BEGIN
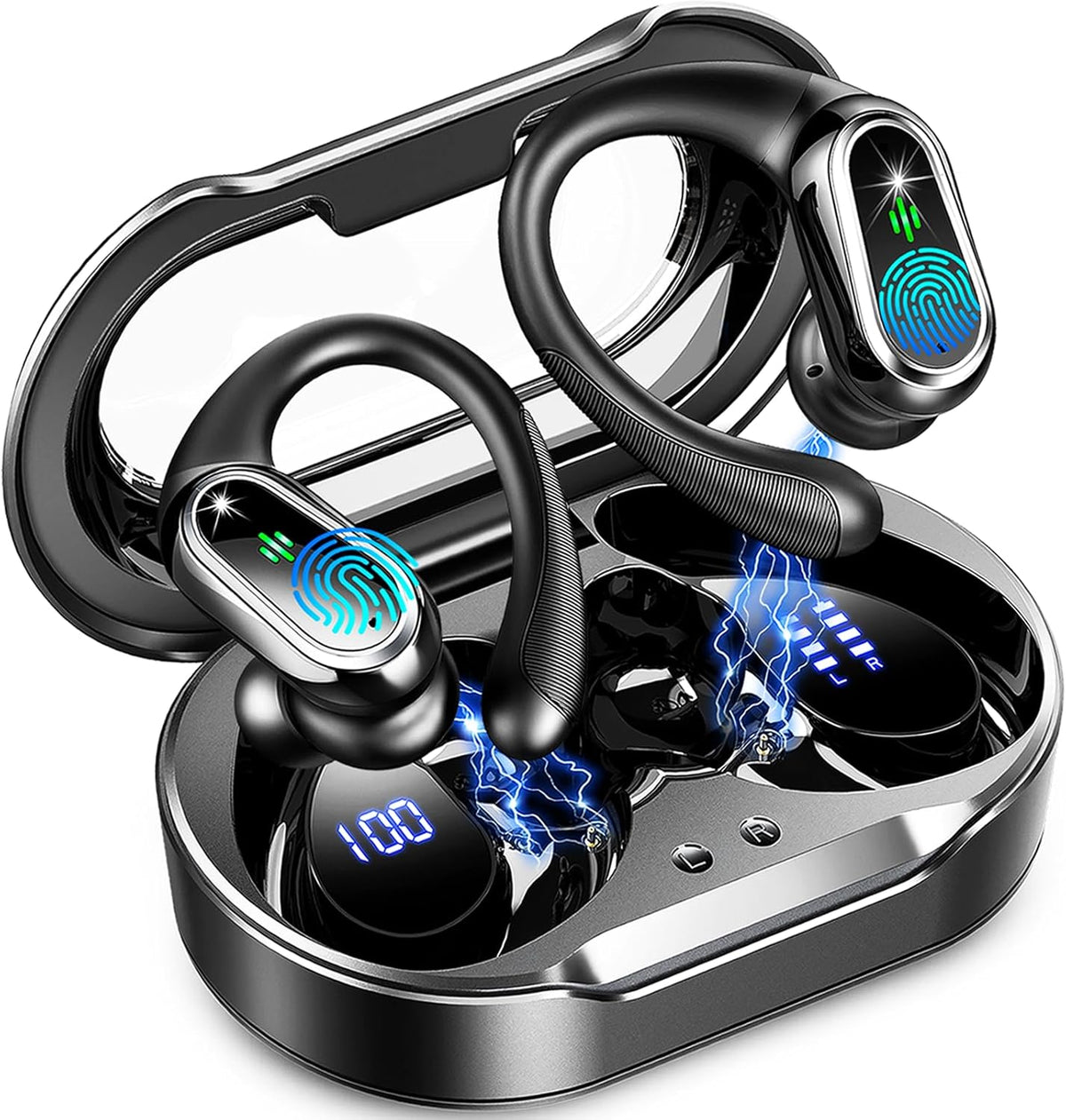Wireless Earbuds, 2025 Bluetooth 5.4 Headphones Sport, 50Hrs HiFi Stereo Deep Bass Over-Ear buds with ENC Noise Cancelling Mic, IP7 Waterproof & LED Display Earphones with Earhooks for Workout/Running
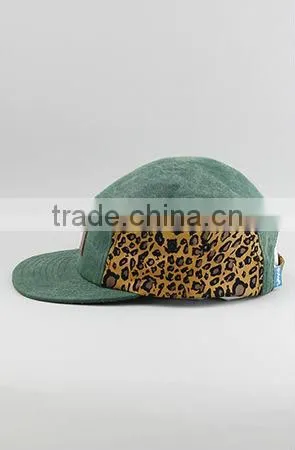 Super awesome leopard cheetah leather applique 5 panel cap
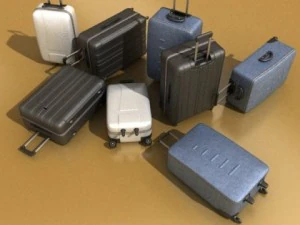 suitcase collection high detail 3D Model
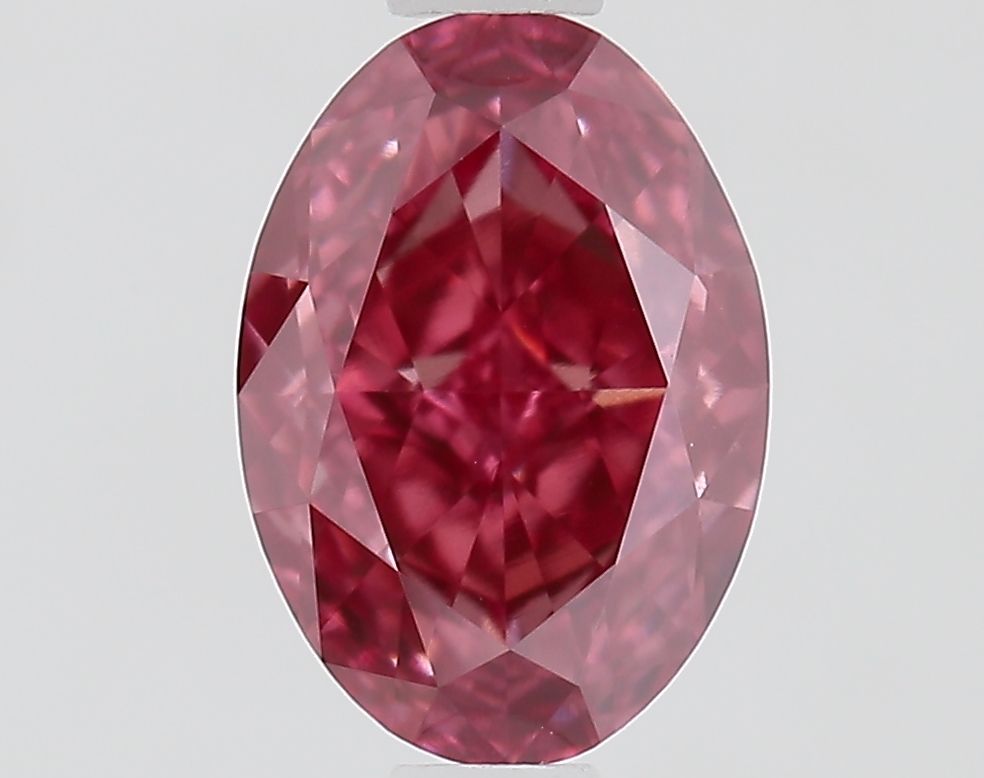 Lab-Grown Oval Diamond - 1.01 Carats, Fancy Vivid Pink Color, VS1 Clarity - Certified by IGI - Report Number: LG662471744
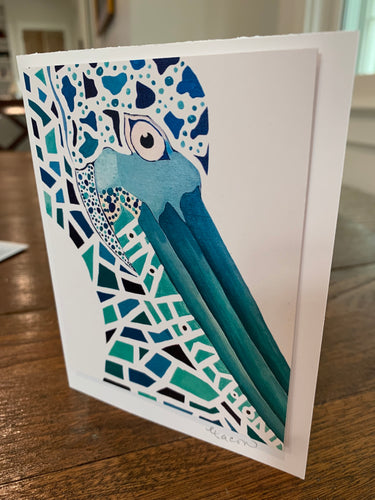 Mosaic blue pelican notecard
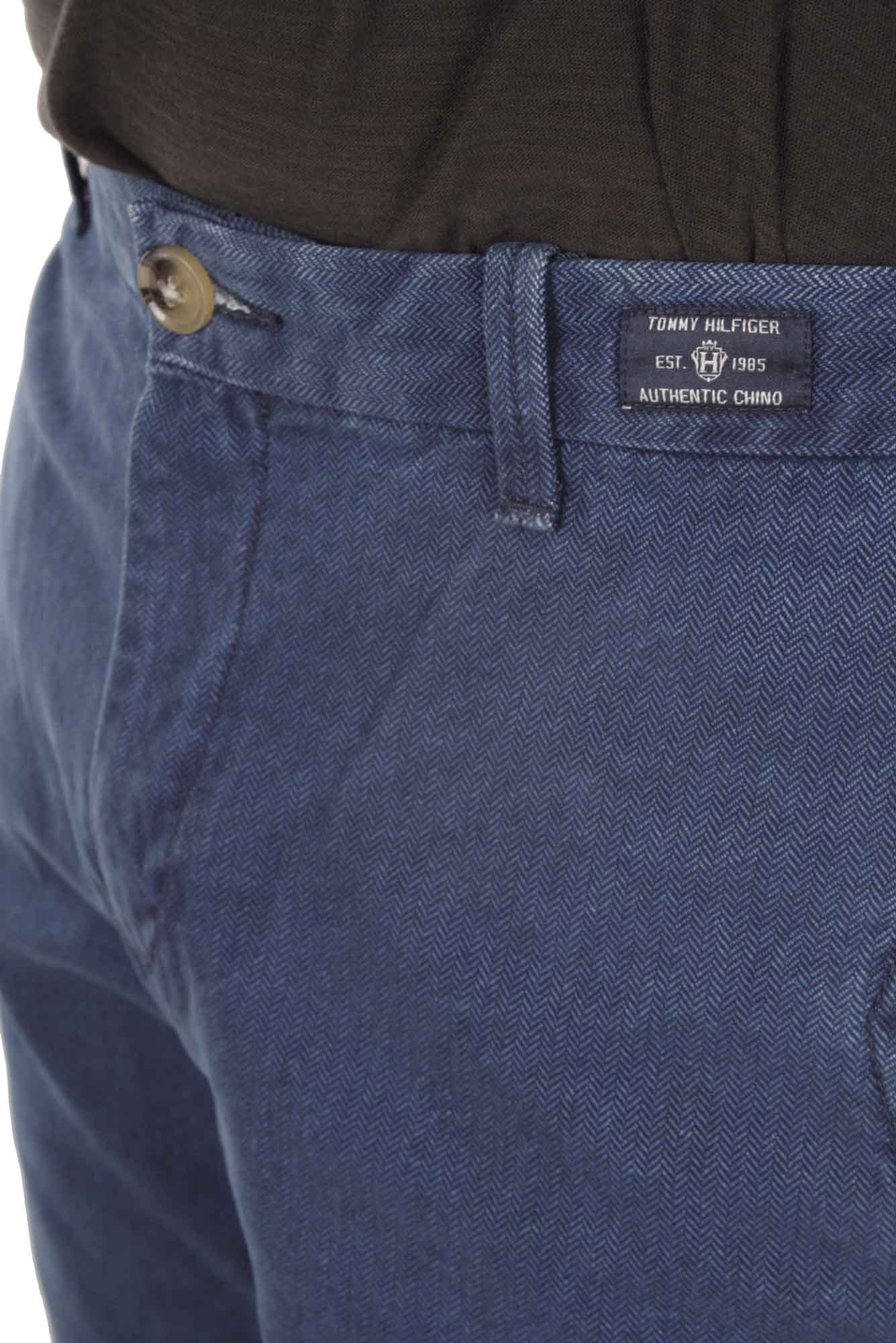 Tommy Hilfiger Men's Pants Denton Chino Indigo Print Herringbone 5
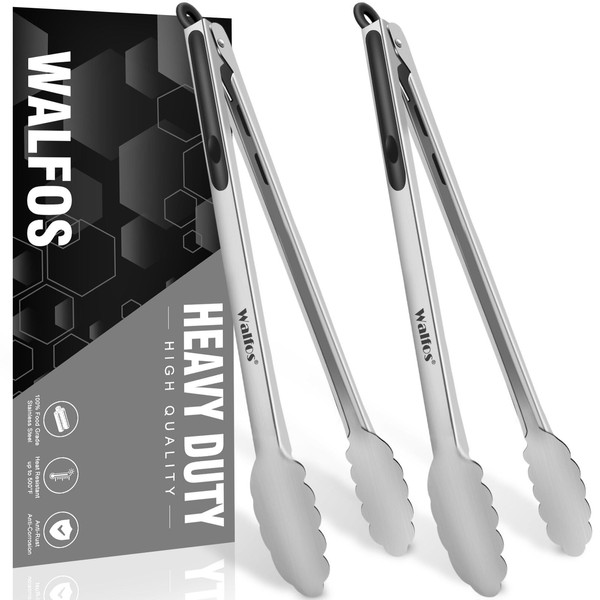 Walfos Barbecue Tongs - Heavy Duty Grill Tongs, 430 Premium Stainless Steel and Non-Slip Heat Resistant Handle - BBQ Tongs Great for Cooking, Grilling, Turning and BBQ(2Pack - 17in)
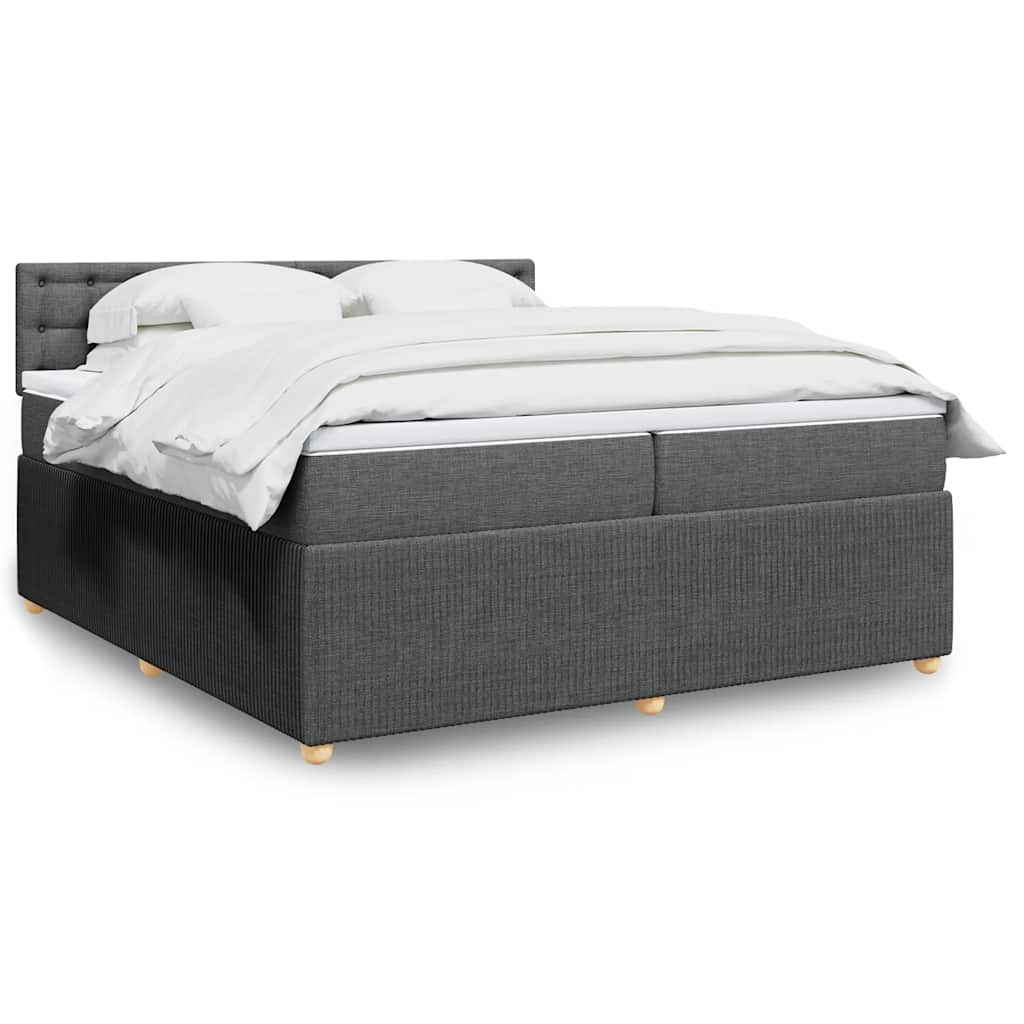 Κρεβάτι Boxspring με Στρώμα Σκούρο Γκρι 200x200 εκ. Υφασμάτινο - Pakobazaar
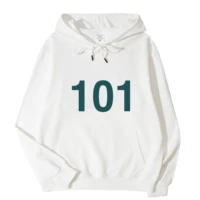2021 classic squid game no 101 players high quality printed hoodie 100 cotton pocket sweatshirt unique unisex top asian size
END
### Goal of the exercise
Treating the line with "Mosaic blue pelican notecard" as the last line to include, retype the records exactly from their first line, excluding pictures.

### Answer area
Wireless Earbuds, 2025 Bluetooth 5.4 Headphones Sport, 50Hrs HiFi Stereo Deep Bass Over-Ear buds with ENC Noise Cancelling Mic, IP7 Waterproof & LED Display Earphones with Earhooks for Workout/Running
 Super awesome leopard cheetah leather applique 5 panel cap
 suitcase collection high detail 3D Model
 Lab-Grown Oval Diamond - 1.01 Carats, Fancy Vivid Pink Color, VS1 Clarity - Certified by IGI - Report Number: LG662471744
 Mosaic blue pelican notecard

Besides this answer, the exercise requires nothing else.